» DATASET RECORDS
* * *
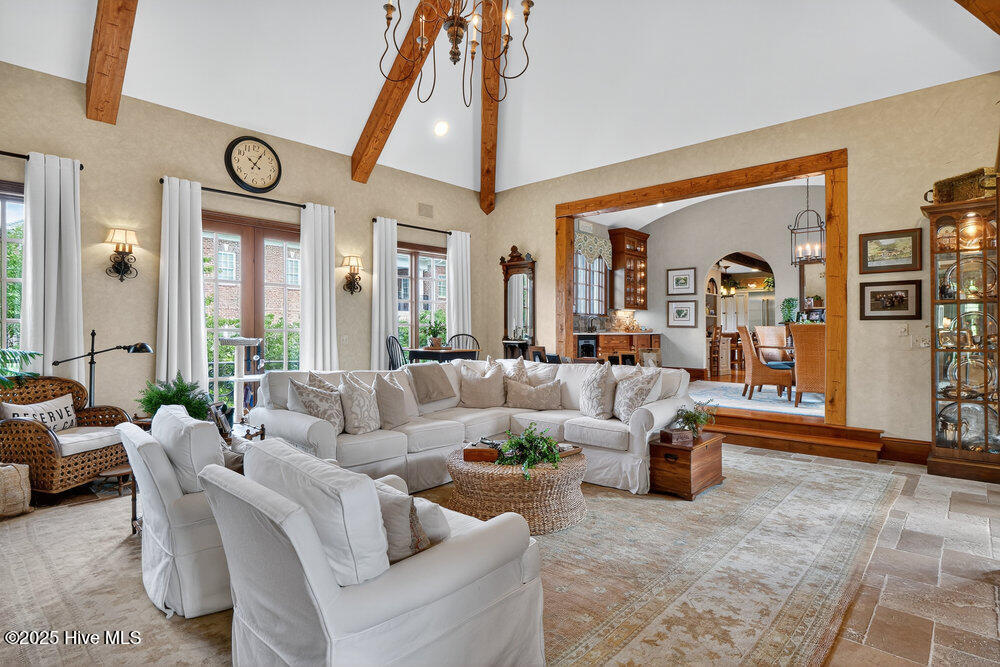 100560338 | Photo 17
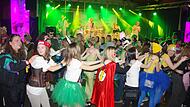Polonaise durch den Feststoudl. Als Volltreffer erwies sich die Live-Band „Die Rockzipfl“.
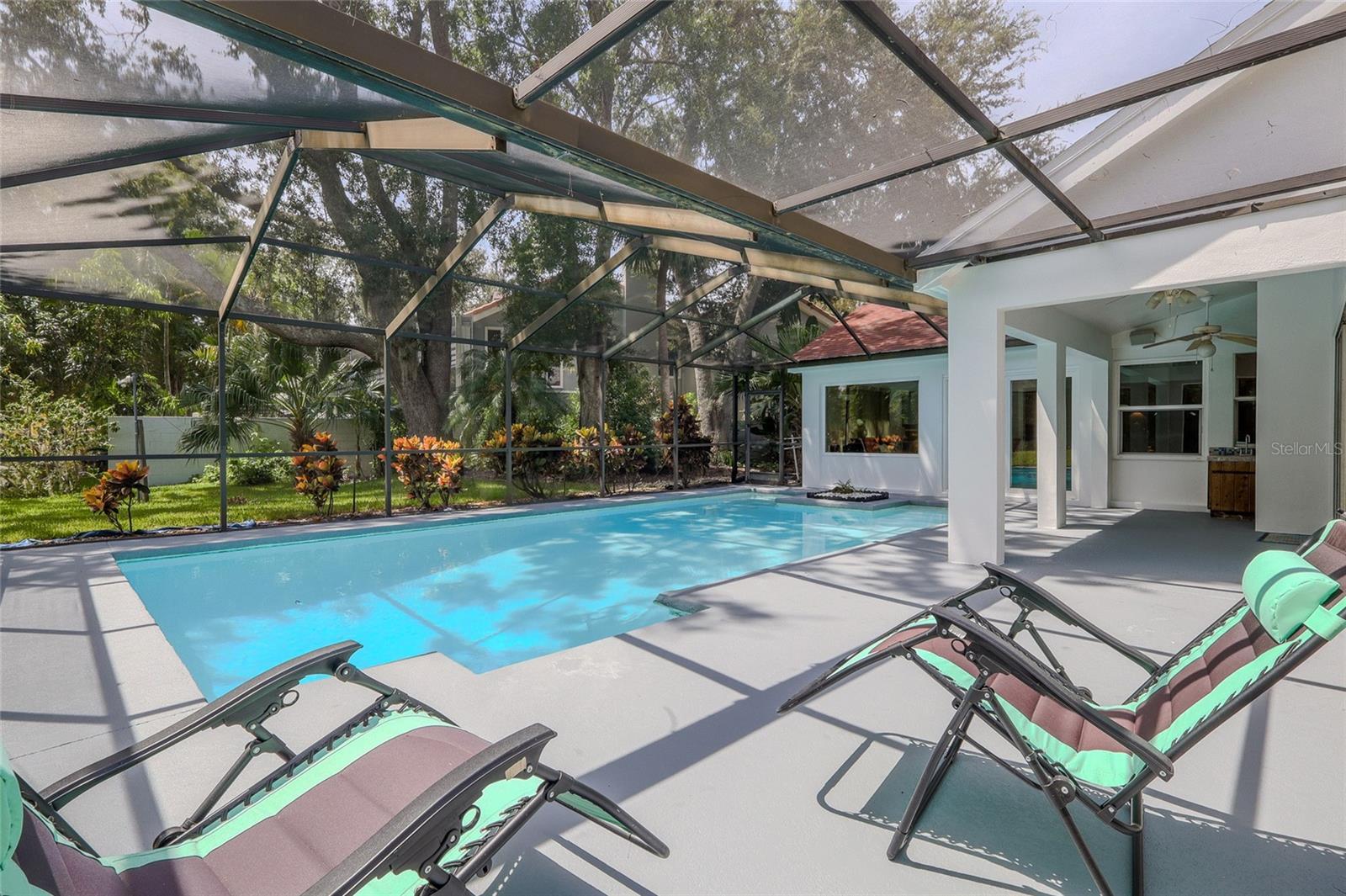 CARROLLWOOD VILLAGE - Residential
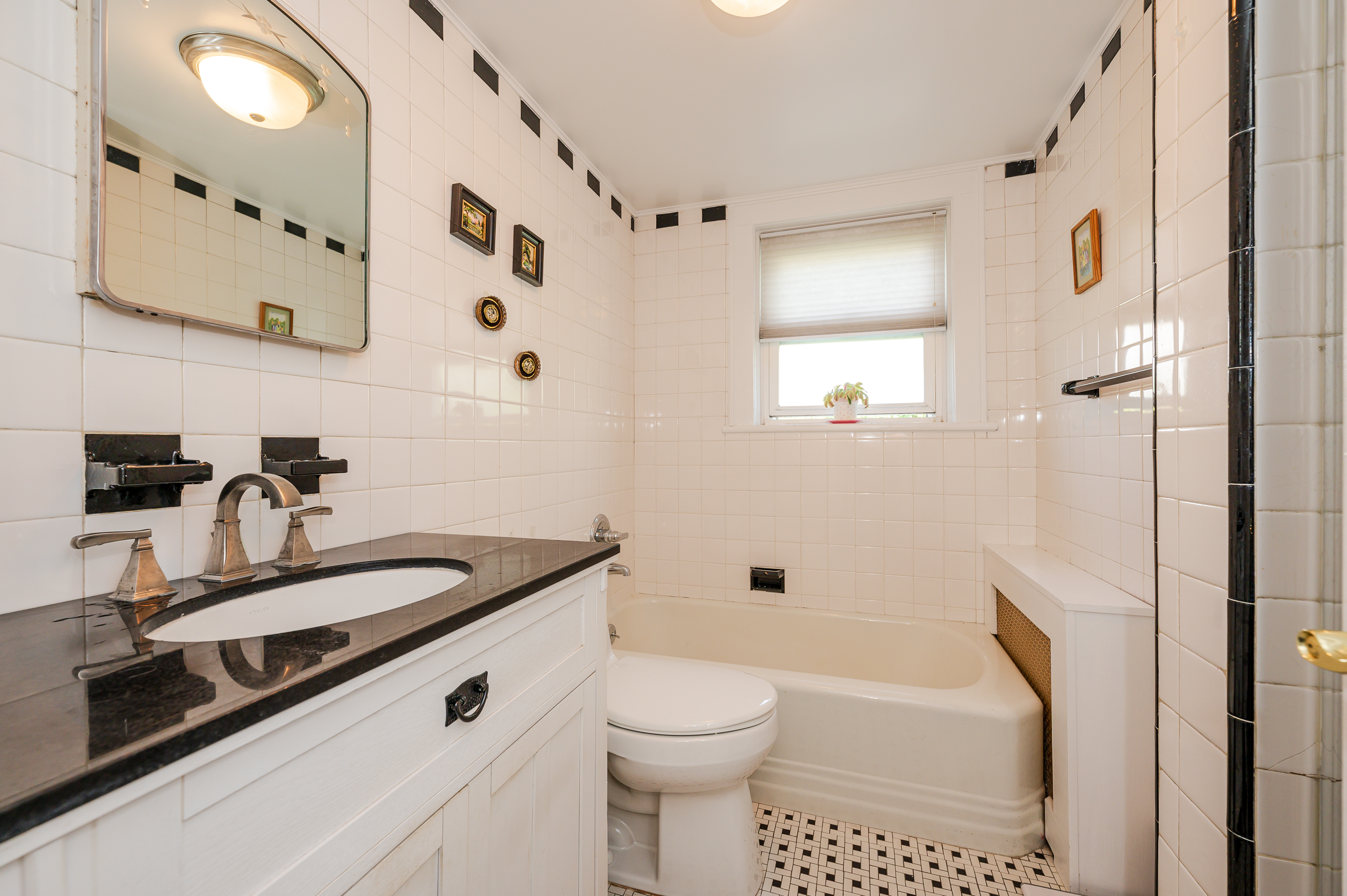 460 Monroe Boulevard 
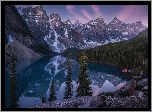 Kanada, Prowincja Alberta, Park Narodowy Banff, Góry, Jezioro Moraine, Wschód słońca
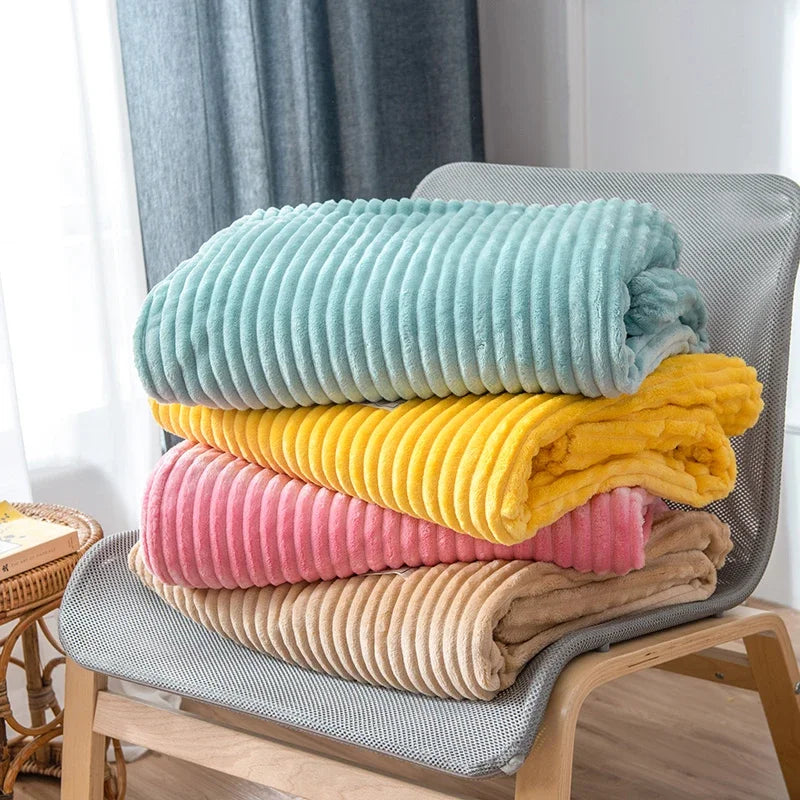 HomeLoom – Flanellen Deken Gestreept & Zacht – Voor Bed, Bank en Reizen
* * *
» INSTRUCTIONS FOR THE TASK
Exactly those lines that run from the line holding "460 Monroe Boulevard" to the end of the listing above, both included, are to be reproduced, with pictures left out.

» RESULT BELOW
 460 Monroe Boulevard 
 Kanada, Prowincja Alberta, Park Narodowy Banff, Góry, Jezioro Moraine, Wschód słońca
 HomeLoom – Flanellen Deken Gestreept & Zacht – Voor Bed, Bank en Reizen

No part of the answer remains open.